Colorado’s Senate election is already drawing national attention — though not as many dollars as some of the more marquee races — as Republicans seek to regain the chamber. National conservative pundits see hope in running a candidate who doesn’t always trod the party line in a recently blue state.

But the lack of money being spent in Colorado by national Republican groups compared to races in Wisconsin, Pennsylvania and Ohio open questions about GOP strategy here. The Senate Leadership Fund, a super PAC aligned with Republican Senate Minority Leader Mitch McConnell, reported millions in spending since Labor Day — but none in Colorado.

An analysis by the Colorado Sun further found that in the lead-up to Labor Day, about $9 million in TV ads had aired or been booked in the race at that point. During 2020’s Senate campaign between Democrat John Hickenlooper and Republican Cory Gardner, nearly $46 million in ads had either been booked or spent by that time. Hickenlooper won the race with 53.5% of the vote to unseat Gardner.

The most recent fundraising numbers won’t be available for another month, but Bennet started the general election campaign with a large fundraising advantage over O’Dea. The challenger expects Bennet will outspend him 6-to-1 in the end, but “he can’t sidestep the issues that he’s caused $20 trillion in debt in the 13 years that he’s he’s been in office. That’s not a badge of honor.”

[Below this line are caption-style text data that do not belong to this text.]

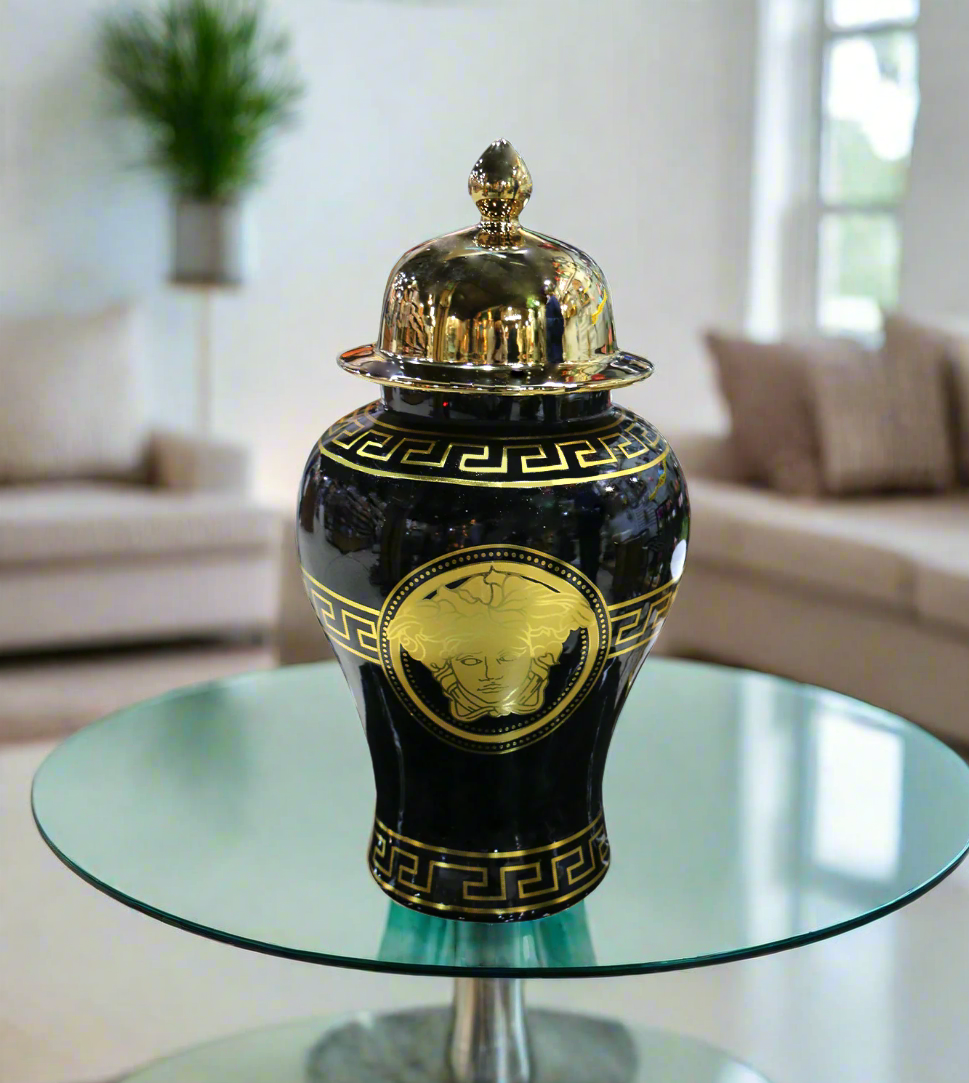 candy vase & lid 2xl 66165-10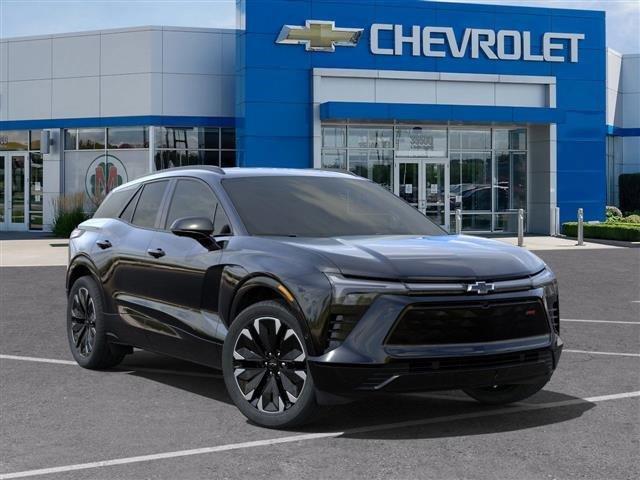 new 2025 Chevrolet Blazer EV car, priced at $41,840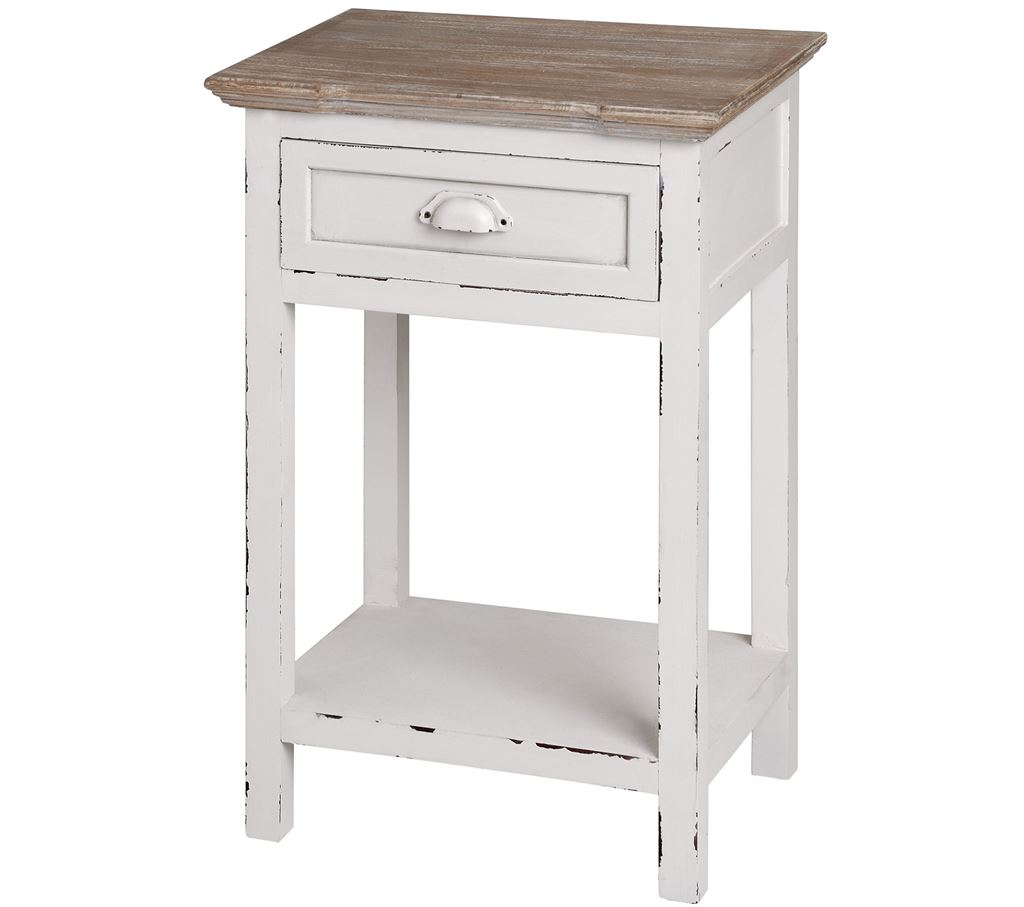 NEW ENGLAND Bedside Table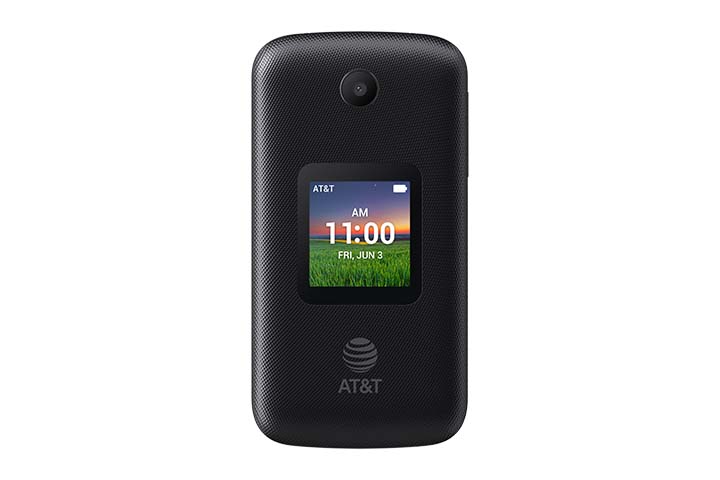 Cell Phone - TCL Classic 4058 AT&T - NO LOCKDOWN (with browser)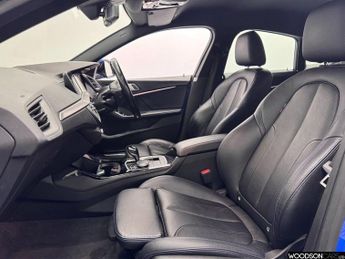 BMW 2 SERIES GRAN COUPE 1.5 218i M Sport Saloon 4dr Petrol DCT Euro 6 (s/s) (136 ps)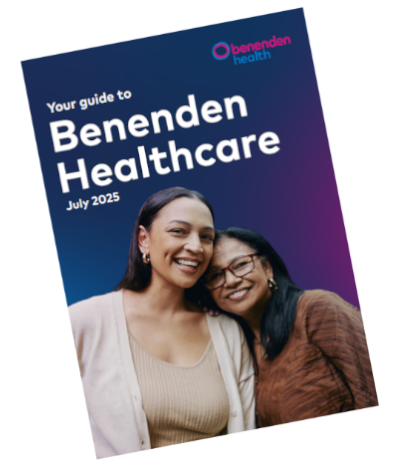 Your guide to Benenden Health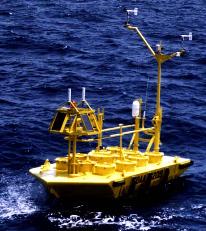 Cape Edgecumbe buoy
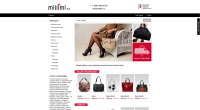 Интернет-магазин "Millimi"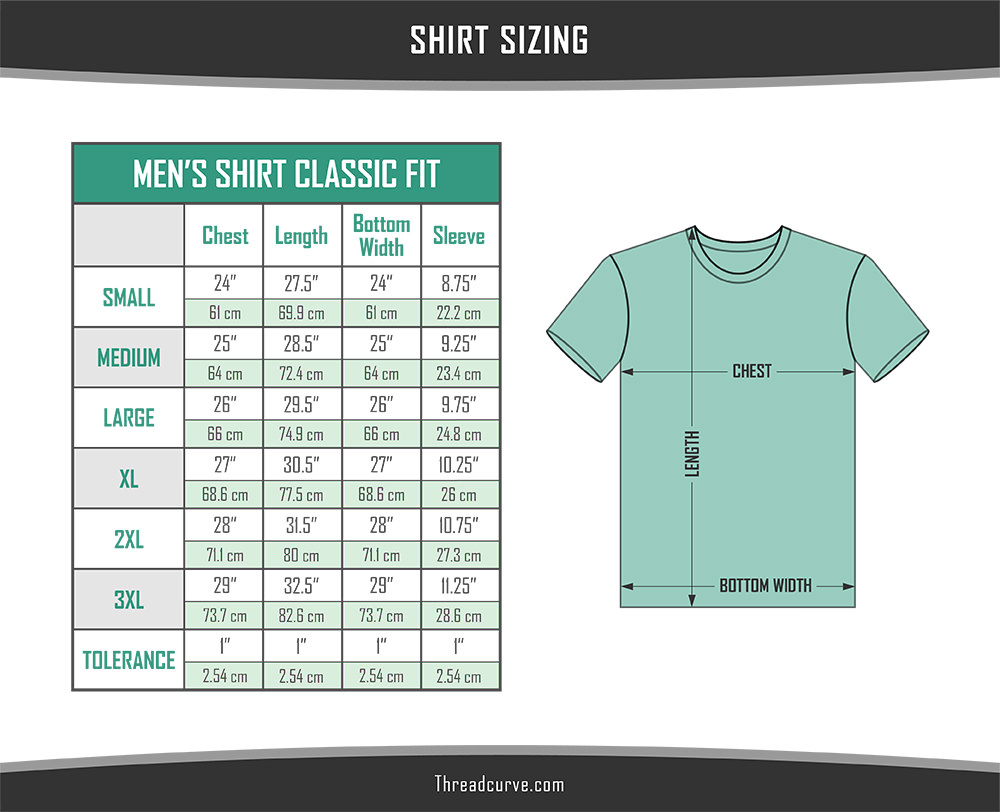 Men 39 s Size Chart Shirts Mens Dress Shirt Size Chart Slim Fit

Hispanic Coloradans may prove a decisive demographic in whether O’Dea or Bennet go to Washington, D.C. after the election. A recent poll commissioned by Unidos and Mi Familia Vota found inflation and the rising cost of living by far the biggest concern among Hispanic Coloradans. More than half of the likely voters surveyed ranked it in their top three biggest issues, with 30% listing jobs and the economy and 23% citing a lack of affordable housing or high rents.

The poll has a margin of error of plus-or-minus 5.7 percentage points. Pollsters were talking to voters in the last 10 days of July, when gas prices were just starting to come down from summer highs. Even though prices have fallen by more than $1 per gallon since, pollster Gary Segura, president and co-founder of BSP Research, said that strain on Colorado budgets is still fresh in the minds of many.

“All voters, regardless of race or ethnicity, update slowly,” Segura said. “Gas prices are falling is different from you knowing gas prices are falling, or you feeling it when you go to the pump.”

The poll found a rising number of Hispanics who rank abortion access as a key issue. It’s a relatively new trend, Segura said. Hispanic voters have traditionally been pro-abortion access, but it’s now a “deal breaker” for many.

Abortion remains an issue Bennet, Democrats and supporters aim to hammer O’Dea on. Advocates held a press call on the matter last week to argue any limits on the procedure would lead to harm for pregnant people. Health care should be a private matter between a patient and their doctor, they said.

O’Dea has stated his support for Roe v. Wade — including its limits on abortion later in pregnancy. He recently said he supports abortion access through the first 20 weeks of pregnancy, with exceptions for things like health and in cases of rape or incest, according to the Colorado Sun. He also said he voted for a Colorado ballot measure in 2020 that would have banned abortion after 22 weeks of gestation. Colorado voters rejected that measure, 59% to 41%.